There's a technological revolution under way in remote areas of Queensland.
With the help of digital technology, "we are saving storied to pass on to our children and grandchildren", said Likkian Noah from Pormpuraaw on the Western Cape.
Ms Noah is one of 18 Indigenous Knowledge Centre co-ordinators meeting this week at the State Library of Queensland's Kuril Dhagun Cebtre near Kurilpa Point to share experiences and learn computer and electronic skills.
Former MasterChef contestant Tom Moseby has recently taken on the role of executive manager of indigenous research and projects at SLQ. He grew up on Thursday Island in the Torres Strait, and yesterday said these centres were "helping indigenous communties keep their culture strong".
The IKC project began in 2002, combining traditional meeting places and modern library services. The 18th centre will open in November on Hammond Island.
Most co-ordinators are femail teachers and elders who record local stories, photos and artwork to be shared with others in the community and people on the internet (at www.ikcnetwork.blogspot.com).
Annie Min is known as "Grandma Library" on Mabuiag Island in the Torres Strait. "I store stories and pictures into the computer in English, Creole and Kala Lagua Ya languages." she said.
Co-ordinators said that, as well as preserving oral history, the initiative gave indigenous communties "a sense of belonging".
Courier Mail, 23 October 2009
The Dot Com Mob is actively supporting the resourcing of technology centres in remote Indigenous communities in partnership with the State Library of Qld. These centres are called Indigenous Knowledge and Technology Centres.
The Internet can help overcome the disadvantage experienced by students living in remote locations and the latest offering from the State Library is an example of this.
The State Library of Queensland has recently purchased a state-wide licence for Yourtutor.
Any member of the public with a library card can log-in with their library bar-code to receive free online support completing homework, assignments or preparing for exams.
IKC administrators are encouraged to promote this free service to members of their communities.
Simply follow the links and choose your IKC location (e.g. Torres Strait Island Regional Council) and you will be placed in line to receive support from a live tutor - a real person!
Meet the groups the Dot Com Mob is working together with to open and operate Indigenous Knowledge Centre's in Queensland's remote Indigenous communities so that members of these communities can have access to the same services as every other Australian. The Administrators from 16 IKCs across Cape York, Torres Strait and Cherbourg attended a conference in Cairns in Sept to share ideas and learn about new activities they can run in their centres.
The Mayor of Hope Vale, Greg Mclean called for more funding so councils can continue to offer 'long-life' learning opportunites in Indigenous communities.
Watch the video to see and hear the difference these centres are making.
From the very top of Australia in the Torres Strait Island of Boigu down to Cherbourg in south-east Queensland, Indigenous communities are enjoying computer and library activities.

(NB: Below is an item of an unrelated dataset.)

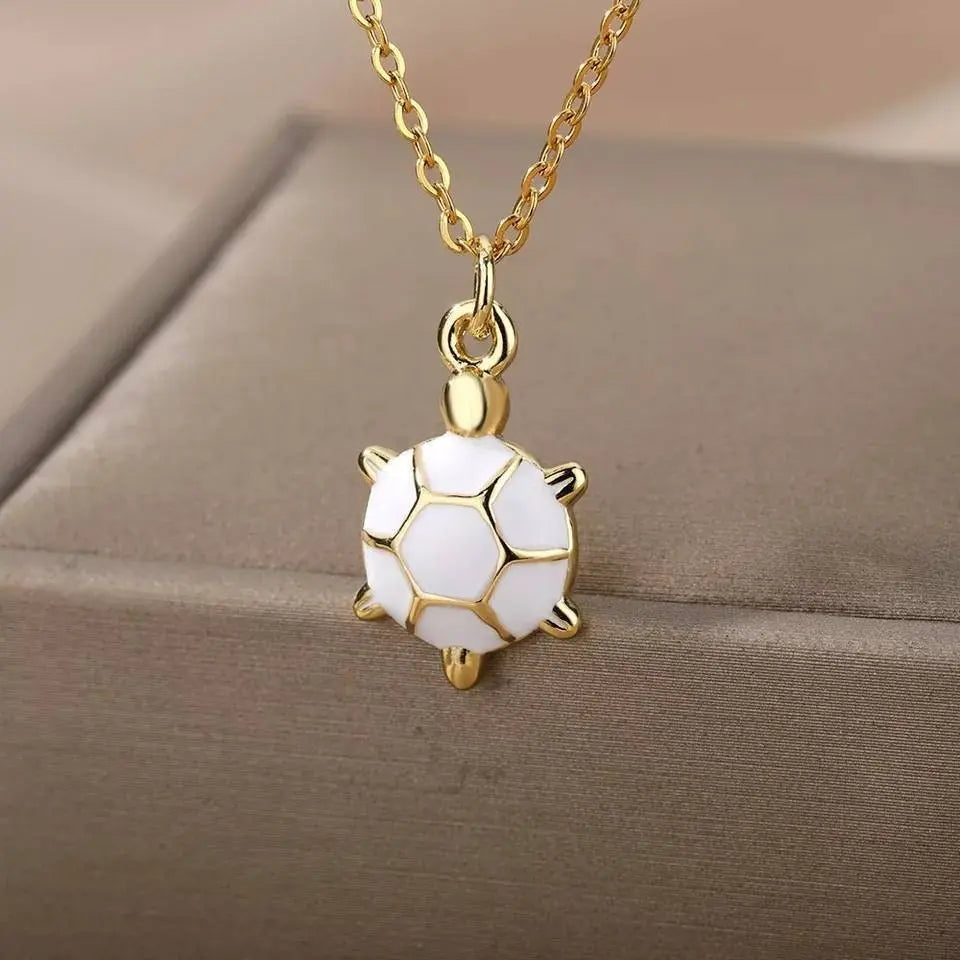 18k Gold Plated Colored Turtle Pendant Necklace JettsJewelers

Watch this video for a personal tour inside these centres and to meet the people supporting this initiative.
The Qld State Library is committed to supporting the personal and professional development of the people selected by local councils to undertake the role of IKC Administrator. This support will see IKC Administrators better equipped to engage and grow their respective communities through the delivery of education, social and economic services and activities. The conference was held at Cairns Colonial Club Resort from 8 - 11 September, 2008.

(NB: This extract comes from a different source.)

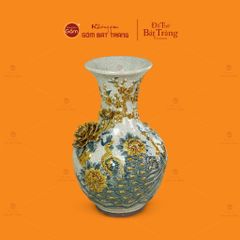 Tỏi Bình Men Rạn Đắp Nổi Họa Tiết Công Đào Hoa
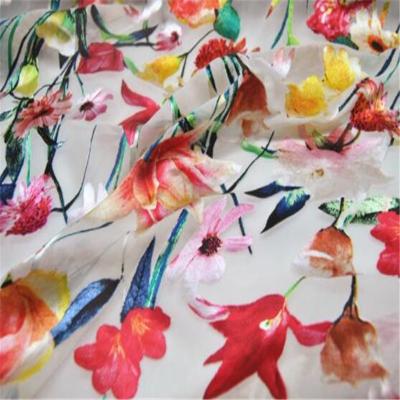 China New Next Design Fashion Flower Organic Silk Burnout Opal Silk Fabric For Lady Dress for sale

Also attending the conference was the Minister for Community Development from Papua, New Guinea - Dame Carol Kidu.
Dame Carol, speaks about the merits of IKCs in the video below.
State Librarian Lea Giles-Peters today announced a major new acquisition by the State Library of Queensland of a significant photographic collection charting the development of the Hope Vale community from 1958–83. Ms Giles-Peters said Lutheran Pastor Ivan Roennfeldt’s donation of his collection of 2,000 photographs and slides coincided with the 50th anniversary of Hope Vale’s Lutheran Church.
Pastor Roennfeldt, 83, who is now retired and living in Brisbane, was on the Board of the Lutheran Church which oversaw the Hope Vale Mission. He visited the Mission many times over 25 years from 1958, and photographed the community and local landmarks.
“The photographic collection donated by Pastor Roennfeldt depicts the daily activities of the mission, such as farming, constructing irrigation systems and wood turning,” Ms Giles-Peters said. “There are also a number of images acquired by Pastor Roennfeldt dating from the 1800s, which show the earlier traditional life of the community, including rare shots of fishing, camping and shelters.” Pastor Roennfeldt’s photographs will become part of the State Library’s Heritage Collections.
The State Library is investigating digitising the collection so it can be viewed by people across the state and throughout Australia online through the Picture Queensland database. Ms Giles-Peters said the State Library is committed to supporting Aboriginal and Torres Strait communities and preserving their unique culture and stories.
“In partnership with the local council, the Department of Communities and private donors, the State Library opened an Indigenous Knowledge Centre in Hope Vale last month,” she said. “The Hope Vale centre provides a place for people to come together, socialise, learn and celebrate the community’s cultural heritage and is part of the network of 17 Indigenous Knowledge Centres located across the state.”